Daniel Kennedy – a zoologist, Dawkinsian atheist, and protagonist of The Blasphemer – would first choose to save himself. As a downed seaplane off the Galapagos Islands fills with water, he swims past his struggling, common-law wife, Nancy, in order to reach the surface. Although Daniel fills his lungs with air in order to swim back down to the sinking wreckage in order to save Nancy, the psychological damage is done.
Later, while Daniel attempts to swim approximately 14 miles to the Galapagos Islands hoping to find help for his fellow survivors, he is compelled forward by a vision of a man, an apparition, or more logically a hallucination.
Fight, Flight, and Faith
Farndale’s book discusses weighty subjects. Following Daniel’s great-grandfather, Andrew Kennedy, through the First Great War and detailing Daniel’s detective-natured father, Philip, the Blasphemer narrates three familial generations through war, terrorism, and foundational belief.
In between the tensions of modern science and ancient religious tradition, Farndale crafts his characters:
“Perhaps you are right. Perhaps that is why God makes angels, immaterial beings whose identity resides in the world of thought. The unseen world. The abstract world. They are creatures that can’t be explained away by scientists.”
“Thought you sad men make angels.”
“No. I said that Darwin said that men make angels.”
“So you do believe in them?”
“They have been described as the most beautiful conceit in mortal wit, and I would go along with that” (177).

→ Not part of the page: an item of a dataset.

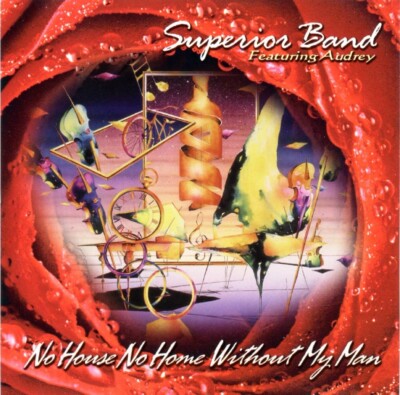 Superior Band feat Audrey - No House, No Home, Without My Man CD - Smooth Soul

Although the tome begins slowly, the story compellingly unfolds into a page turner. Farndale’s characters provide depth in the storyline and the motifs from each era unite nicely.
Foundational Faith
Ultimately, the Blasphemer is a cinematic story surrounding belief. While some create a dichotomy between faith and reason, Farndale suggests that faith is a necessary aspect of reason. When placed in stressful and life-threatening situations, humans react in different ways. Some safe themselves, some save the most talented, and other are self-sacrificial. In all of these instances, actions exist on a foundation of faith. As one of the better books read last year, I recommend this book.